Мы пересекли лужайку, которая уже была сырой из-за росы или что там еще появляется на листьях по вечерам. Золотая дорожка от солнца на воде исчезла. На ее месте появился серебряный хвост луны. Я представила, как под ним резвятся рыбки на пути к глубине. Мы остановились, замолчав. Небо над нами становилось темнее. Но мы, как в детстве, не замечали этого, пока разом не опустилась ночь. Цветы начали источать неуловимый ночной аромат. Все вокруг наполнилось пением ночных птиц, цикад, сверчков, и мне даже показалось, что я услышала, как ухает сова.
А затем вокруг начали зажигаться огни. Это включали электричество на виллах вокруг нас. Было что-то милое и успокаивающее в этом мерцании огней, словно звезды подмигивали нам. Признаки жизни и надежды, как свечи в сумраке церкви. Наконец стало настолько темно, что мы вздохнули, не сговариваясь, словно дети, которые понимают, что пришло время возвращаться в дом.
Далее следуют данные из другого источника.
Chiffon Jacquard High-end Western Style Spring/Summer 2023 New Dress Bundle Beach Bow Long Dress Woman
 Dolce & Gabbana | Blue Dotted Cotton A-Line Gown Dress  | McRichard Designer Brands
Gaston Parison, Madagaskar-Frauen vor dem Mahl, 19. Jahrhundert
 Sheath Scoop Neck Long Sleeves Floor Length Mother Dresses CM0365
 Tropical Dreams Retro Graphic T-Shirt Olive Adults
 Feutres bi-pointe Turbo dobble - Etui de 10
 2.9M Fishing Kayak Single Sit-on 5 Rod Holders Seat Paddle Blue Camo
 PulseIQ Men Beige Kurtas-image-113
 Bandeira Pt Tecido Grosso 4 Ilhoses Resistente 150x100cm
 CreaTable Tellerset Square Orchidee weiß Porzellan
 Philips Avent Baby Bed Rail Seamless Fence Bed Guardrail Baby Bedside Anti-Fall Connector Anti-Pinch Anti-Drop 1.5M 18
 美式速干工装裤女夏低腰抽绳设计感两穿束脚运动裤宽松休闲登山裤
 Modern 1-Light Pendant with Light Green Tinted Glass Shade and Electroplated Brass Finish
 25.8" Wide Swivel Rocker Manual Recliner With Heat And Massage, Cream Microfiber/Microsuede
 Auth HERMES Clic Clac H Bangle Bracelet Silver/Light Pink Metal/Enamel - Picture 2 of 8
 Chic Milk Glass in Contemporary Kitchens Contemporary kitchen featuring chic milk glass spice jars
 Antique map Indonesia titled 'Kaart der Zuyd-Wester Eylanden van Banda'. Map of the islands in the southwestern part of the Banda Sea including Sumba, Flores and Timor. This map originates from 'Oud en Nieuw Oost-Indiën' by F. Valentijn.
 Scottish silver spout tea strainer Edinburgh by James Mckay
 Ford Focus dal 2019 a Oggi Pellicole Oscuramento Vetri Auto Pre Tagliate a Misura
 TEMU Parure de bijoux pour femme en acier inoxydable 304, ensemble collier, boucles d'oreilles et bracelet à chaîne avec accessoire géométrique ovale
Джереми светил фонариком нам под ноги.
Меня позабавила мысль, что Джереми когда-нибудь может переехать сюда насовсем, с новой женой, разумеется, и у них будут дети, которые станут бегать по этой самой лужайке, по которой мы идем сейчас, и которых по вечерам будут звать в дом.
Одного из них пошлют в гараж, чтобы он позвал оттуда чудаковатую тетю Пенни, которая приехала навестить их в своей старой машине. Я уже представляла себе, как сильно буду стараться развеселить их. Мне стало тошно от этой картинки.
Джереми положил руку мне на плечо, притянув слегка к себе, чтобы я не споткнулась в темноте.
– Раньше ты всегда умудрялась оцарапать себе ноги, – сказал он. – Я не дам тебе упасть при мне, а не то твоя мать мне голову оторвет.
Он открыл передо мной дверцу машины и светил фонарем, пока я забиралась внутрь. Затем обогнул машину, освещая себе путь, и сел на свое сиденье. Выключив фонарь, он повернул ключ в замке зажигания.
– Ну? Что скажешь? – спросил Джереми, разворачивая машину.
– Как мило с ее стороны оставить нам крышу над головой. Она могла продать все, а деньги положить в банк и завещать их какой-нибудь благотворительной организации или фонду имени себя, – сказала я.
Джереми посмотрел на меня, словно почувствовал что-то.
– Мы были ее семьей, и она беспокоилась о нас, – сказал он.
Затем Джереми добавил взвешенно:
– Я обещал накормить тебя хорошим ужином, и я знаю неплохое местечко. Это в старом городе, в Ницце. Они готовят великолепную говядину, что-то вроде тушеного в красном вине мяса, которое подается с равиоли. Это их фирменное блюдо, превосходное сочетание итальянского с французским. Мы с тобой чудесно поедим.